→ **About this task**:
Please reproduce the records exactly, leaving out any pictures.

→ **The data**:
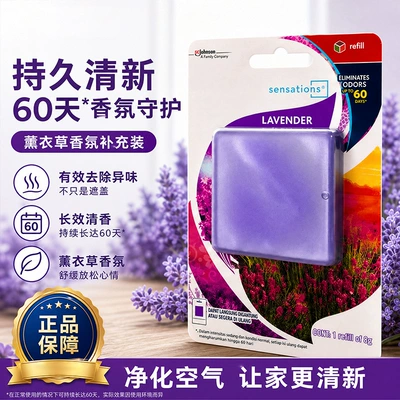 Car Perfume Aromatherapy | liquid perfume, square car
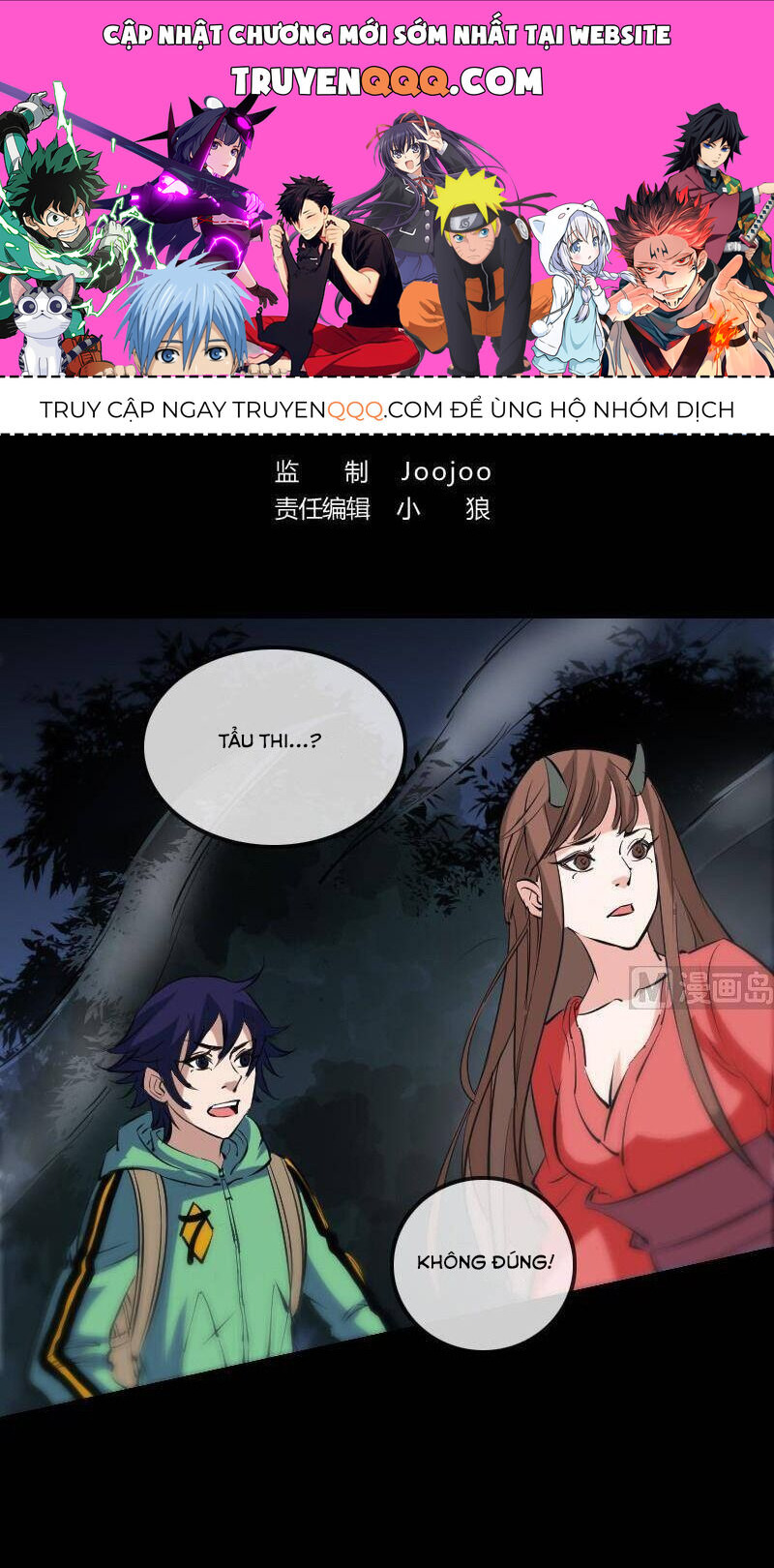 Chương 132 - Trang 1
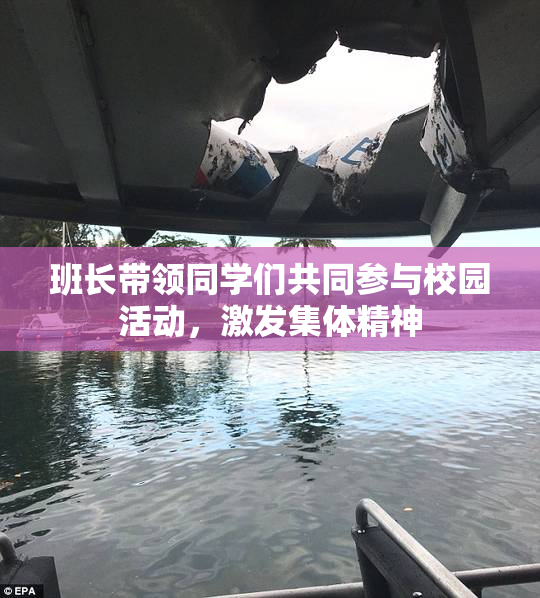 班长带领同学们共同参与校园活动，激发集体精神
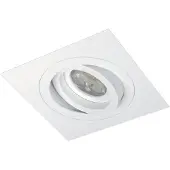 Masterlight Inbouwspot Di Moda wit, GU10, vierkant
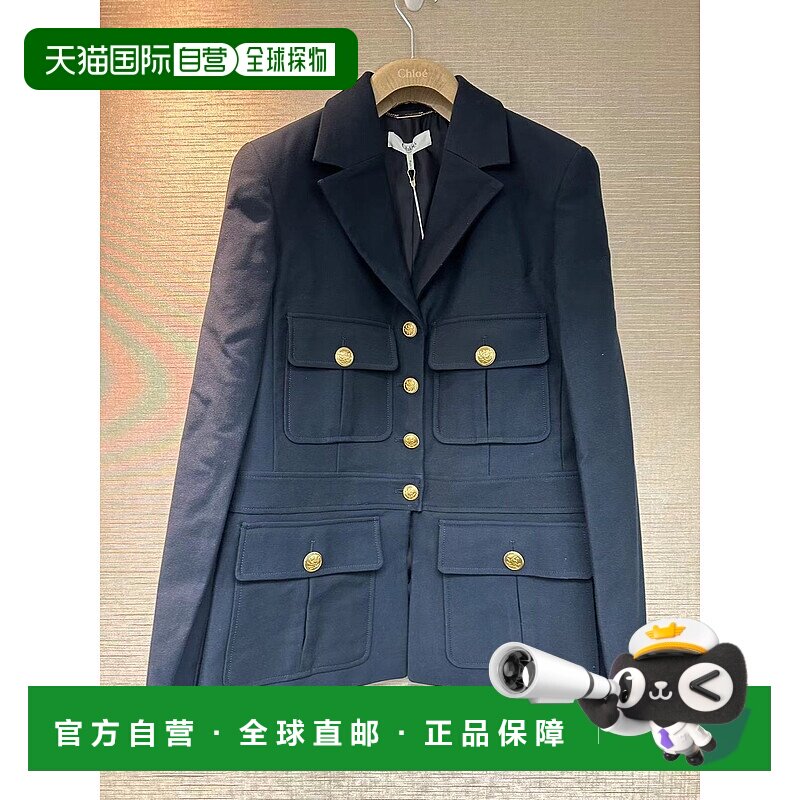香港直邮Chloe 长袖休闲夹克 C24AVE32042外套女装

→ **Task solution**:
 Car Perfume Aromatherapy | liquid perfume, square car
 Chương 132 - Trang 1
 班长带领同学们共同参与校园活动，激发集体精神
 Masterlight Inbouwspot Di Moda wit, GU10, vierkant
香港直邮Chloe 长袖休闲夹克 C24AVE32042外套女装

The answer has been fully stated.